The poets that inspire Richard Hell: “They definitely give me heart”

Without Richard Hell as its central figure, punk lacked its true edge.

From the moment he left his home in Kentucky and arrived in New York City at just 17 years old, he moved within his own world, actively at the centre of punk’s burgeoning scene but as an unconscious influence, giving himself up to rock ‘n’ roll as a conduit for the poetry that formed in his mind.

Before he convinced his comrade, Tom Verlaine, to set their poetry to song in the most nascent days of Television, Hell, born Richard Lester Meyers, was a writer, picking up his pen not out of necessity, but out of sheer will. He wrote out of a fascination with words and the ability to weave a surrealist tale. Poems flowed out of him seamlessly, published in a range of periodicals, and he took up editorial work himself, founding various imprints, including Dot Books, where he published the character that he and Verlaine invented called Theresa Stern, literally superimposing photographs of the two together to create a female alter-ego. 

“I thought that my sensibility was subtle and complex,” Hell writes in his memoir, I Dreamed I Was A Very Clean Tramp, “that it was interesting, and that what excited me in the things I loved existed inside me and that I could find ways to translate that into works that would be as beautiful and thrilling as I wanted.”

New York crossed Hell’s path with like-minded writers who experimented with a spoken-word interpretation of poetry set to music, like Patti Smith; the two shared a knack for writing electrifying works that sprang to life when read aloud, accompanied by a guitar. For Hell, rock ‘n’ roll and poetry became intertwined, a common language of revolution.

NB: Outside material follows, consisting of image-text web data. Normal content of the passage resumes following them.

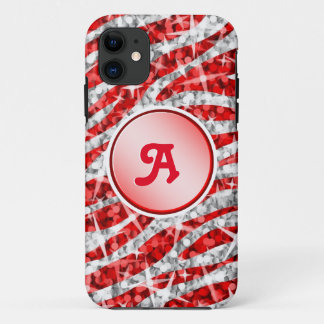 Glitz Zebra Red monogram iPhone red Case-Mate iPhone Case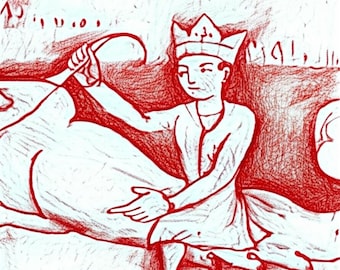 May include: A red and white illustration depicts a person wearing a crown, seated and holding an object. The person is interacting with a large, light-colored form. The artwork has a medieval or historical theme.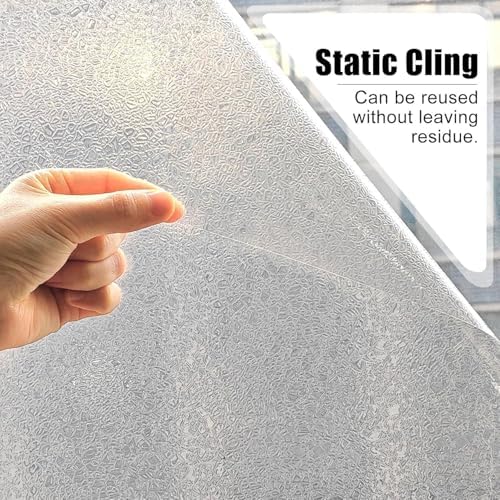Window Privacy Film, Ripple Decorative Static Cling Glass Sticker No Glue Removable Window Tint with Installation Tools, Anti-UV Front Door Glass Covering for Home, 35.4" x 78.7" - Image 2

“There was an inherent contradiction in rock and roll for me,” he writes in Clean Tramp. “On one hand, I wanted to do it because it was physical and unhinged; on the other, I wanted to use my brain to make the songs say as much as possible… I was not any kind of intellectual snob, I was a high school dropout for a reason, but at the same time I wasn’t ashamed of my interest in books and in thinking.”

After the tension between Hell and Verlaine in Television became too intense to bear, Hell raged on his own with the Heartbreakers and later, Richard Hell and the Voidoids, spearheading a sound of perfectly mangled guitar rock with brutal lyricism that blended rebellion with sincerity. Songs such as the ballad-like cry of ‘Betrayal Takes Two’, and the cynical drawl of ‘Love Comes in Spurts‘ blazed with passion, while the anthemic ‘Blank Generation’ came to define Hell’s environs in New York.

But music became less of a resourceful language for Hell, who retired from it completely in the late 1980s. Now, he devotes himself to writing, publishing a series of novels, poetry, memoirs and arts criticism, endlessly brilliant in his wit and analytical eye.

Poetry has remained unwaveringly central to Hell’s output, revealing some of his favourites to Perfect Sound Forever in 1997, upon publication of his novel, Go Now. “Nobody’ll know these people I mention, because nobody reads poetry,” he remarks, before listing some of his then-current fixations. Bill Knott’s humorous, self-deprecating flair resonated with Hell, as did the work of Ron Padgett, who worked on An Anthology of New York Poets (1970) with a future collaborator and dual inspiration of Hell’s, poet Dave Shapiro.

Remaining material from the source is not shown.